Machine Learning Course Submission
Football is arguably the most famous sport with a global following of approximately 3.5 to 4 billion fans, and has the highest television audience in sports worldwide. It is a sport played with 11 players per team, each with a particular designation. In this study, the players are classified into 8 different position classes which are determined by the difference in roles and location of play inside the field.
The dataset consisted of players from the FIFA22 player database. Players from the top 5 European leagues were included in this study. These leagues are the English Premier League, Spanish La Liga, French Ligue 1, Italian Serie A and the German Bundesliga 1.
After filtering, 35 features were selected corresponding to different player abilities except for goalkeeping abilities. Each player has one or more corresponding position label, but for this study, the main player position was used as the official label and target variable. Goalkeepers were also excluded from the dataset because they were easily identifiable as they use a different set of player abilities.

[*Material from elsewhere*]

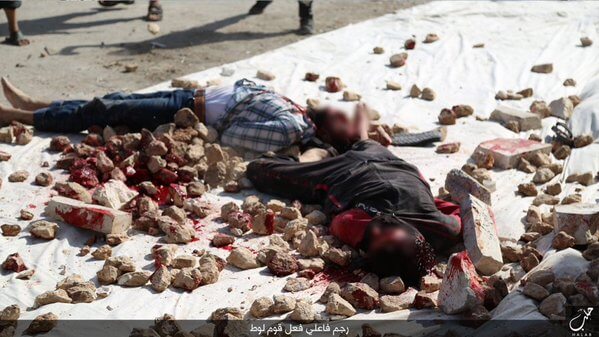 Siria: due omosessuali lapidati a morte dall'ISIS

A total of 2650 players were used as our final data set.
See full report HERE
-
Shannon Entropy balance can be used to determine the imbalance of a multi-class dataset.
-
Cost sensitive parameters like class weight can be used instead of sampling to address imbalance.
-
In this study, LIME method was more helpful in showing the local interpretability of the results.
-
Seeing the other possibilities for each class help establish the related positions with each other.
-
Ability improvement and position shift are some of the insights that can be derived from the study.